Further, the arena is divided into “pools” of 4Kb. Each pool can contain only blocks of a size predetermined for this pool – from 8 to 512 bytes. The arena can contain pools of different sizes, but the blocks in the same pool are always the same size. And at the block level, the memory managers work for each specific data type.

When a manager of a certain type requests memory for an object, it knows the size in advance and can immediately access the pool with the desired block size, placing the object in the first free block. If there are no free blocks or there are no pools of the required size, the top manager issues a new pool from the most filled arena. If all arenas are occupied, a new arena is requested.

It is interesting that it is impossible to partially return the memory allocated for the arena as long as it has at least one non-empty pool in which there is at least one non-empty block. We’ll discuss in the next section how blocks become empty.

Memory deallocation

In Python, there is no need for manual memory cleanup. If the object is no longer used, all this is passed on to the interpreter itself and two mechanisms: the reference counter and the garbage collector.

When a variable is assigned a value, in fact, an object is first created in a suitable free block (how memory allocation works was figured out in the last section) and then a reference to this object is put into the variable.

Reference counter

Each created object has a special field – the reference count. It stores the number of objects referring to it. It increments its value, for example, when an assignment operator is used; or when an object becomes part of a list. When a variable is deleted, or when del is used, the reference count is decremented by 1, for example, at the end of the function where this variable was declared.

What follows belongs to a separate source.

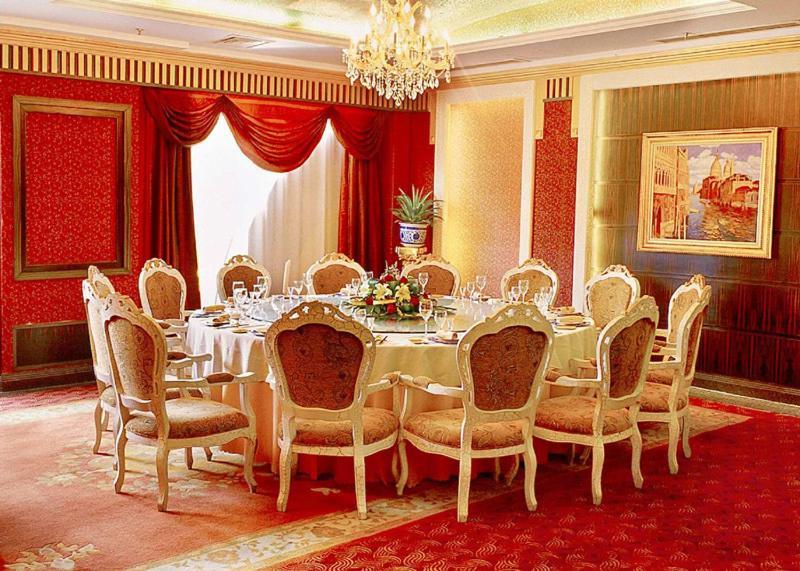Royal International Hotel Urumqi Exterior foto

Let’s look at an example of a small piece of code:


a = 1000
b = a
print(sys.getrefcount(1000))
# 5
del b
print(sys.getrefcount(1000))
# 4

In this case, 1000 is an immutable object, one for the entire program. After the two variables are initialized, the reference count is 5.

Why 5? Because object 1000 is referenced not only by these two variables, but by all variables with value 1000 in all used modules. Next, we delete the variable b and the reference counter changes its value to 4. As soon as the counter reaches 0, the object releases the block.

Garbage collector

The reference counter has a big drawback – the inability to catch cyclic links. If an object or multiple objects refer to each other, the counter will never drop below 1.

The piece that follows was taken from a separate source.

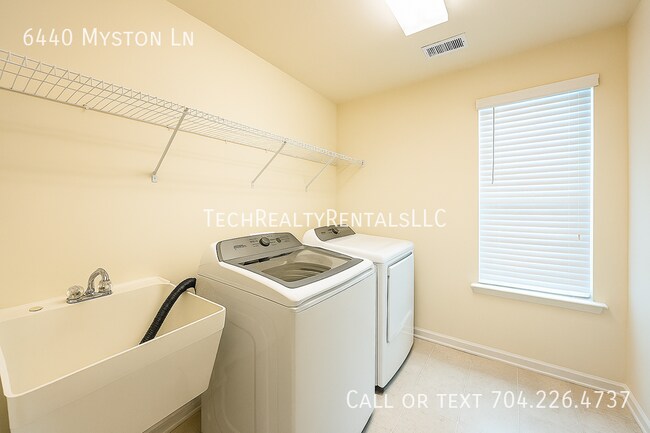 Building Photo - 6440 Myston Ln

The gc module was created specifically to handle such cases. Its job is to periodically scan objects of the container type and detect the presence of circular references.

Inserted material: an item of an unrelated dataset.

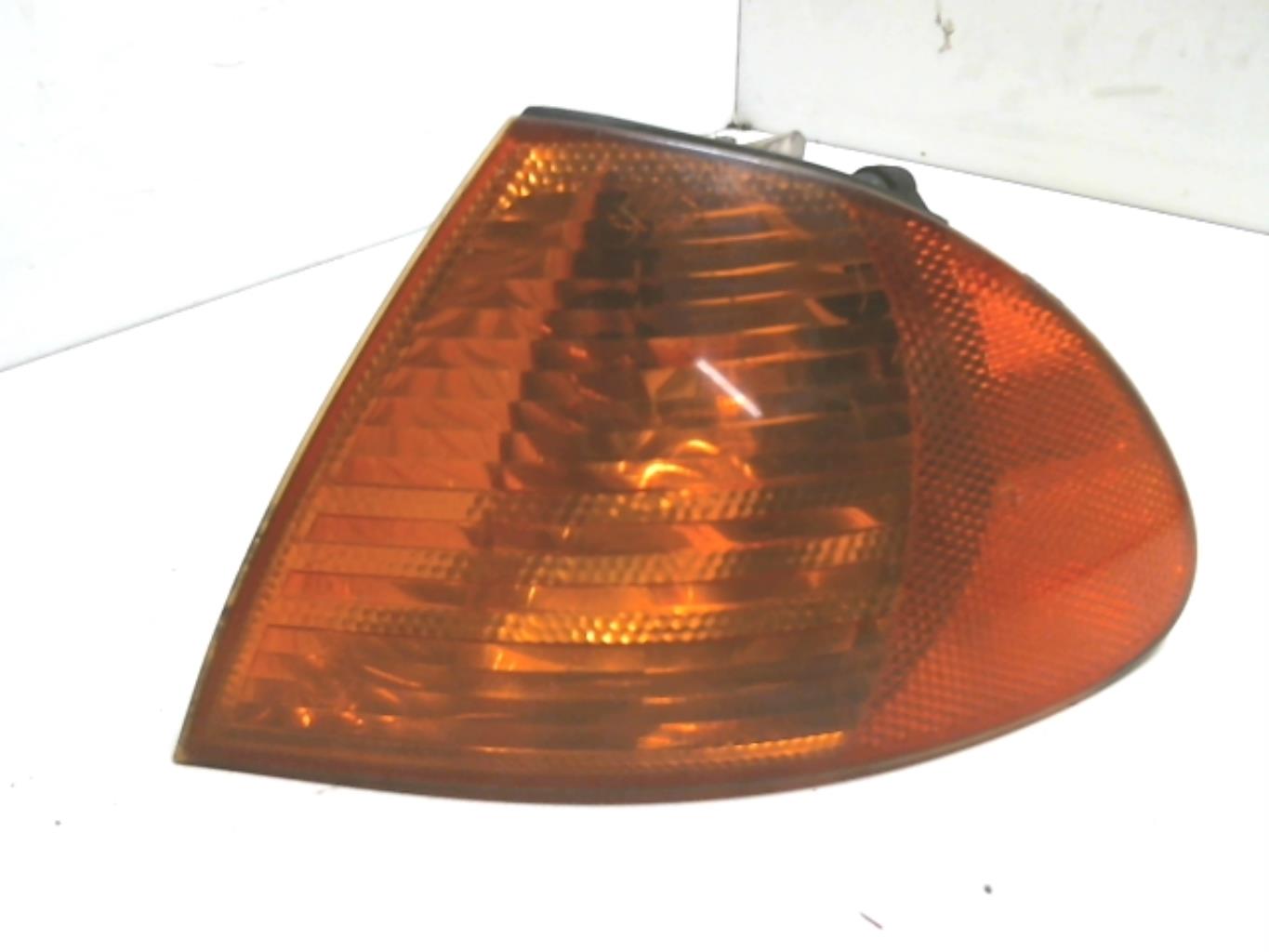 Óptica delantera secundaria izquierda (luces) (intermitente)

Speaking about the garbage collector, an important concept is the generation of objects – this is a set of objects that the collector monitors and subsequently scans. There are three generations, each scanned at a different frequency. Objects of the first generation are scanned more often, because new objects get there. As a rule, such objects have a short lifespan and are temporary. Therefore, it is advisable to check them with more attention. If the objects have been scanned by the garbage collector and have not been deleted, then they move to the next generation.

 

The first generation scan starts when the number of created container-type objects exceeds the number of deleted ones by a given threshold. For example, a second generation scan will start when the number of first generation scans exceeds a given threshold. By default, the trigger thresholds are 700, 10, and 10, respectively.

You can view them via gc.get_threshold() and change via gc.set_threshold().


print(gc.get_threshold())
# (700, 10, 10)

All this is relevant for list, dict, tuple and also for classes. Not for simple types.

What about data types

List

Let’s start the comparisons with list. Since it is variable, it will be interesting to see how it behaves when the number of elements changes. The list is an array of non-fixed size, with the possibility of arbitrary insertion or removal of any element. The list element can be any data type. In terms of storing the list in memory, it consists of two blocks. One block is of fixed size and stores information about the list. The other one stores references to elements and can move from block to block if the number of elements changes.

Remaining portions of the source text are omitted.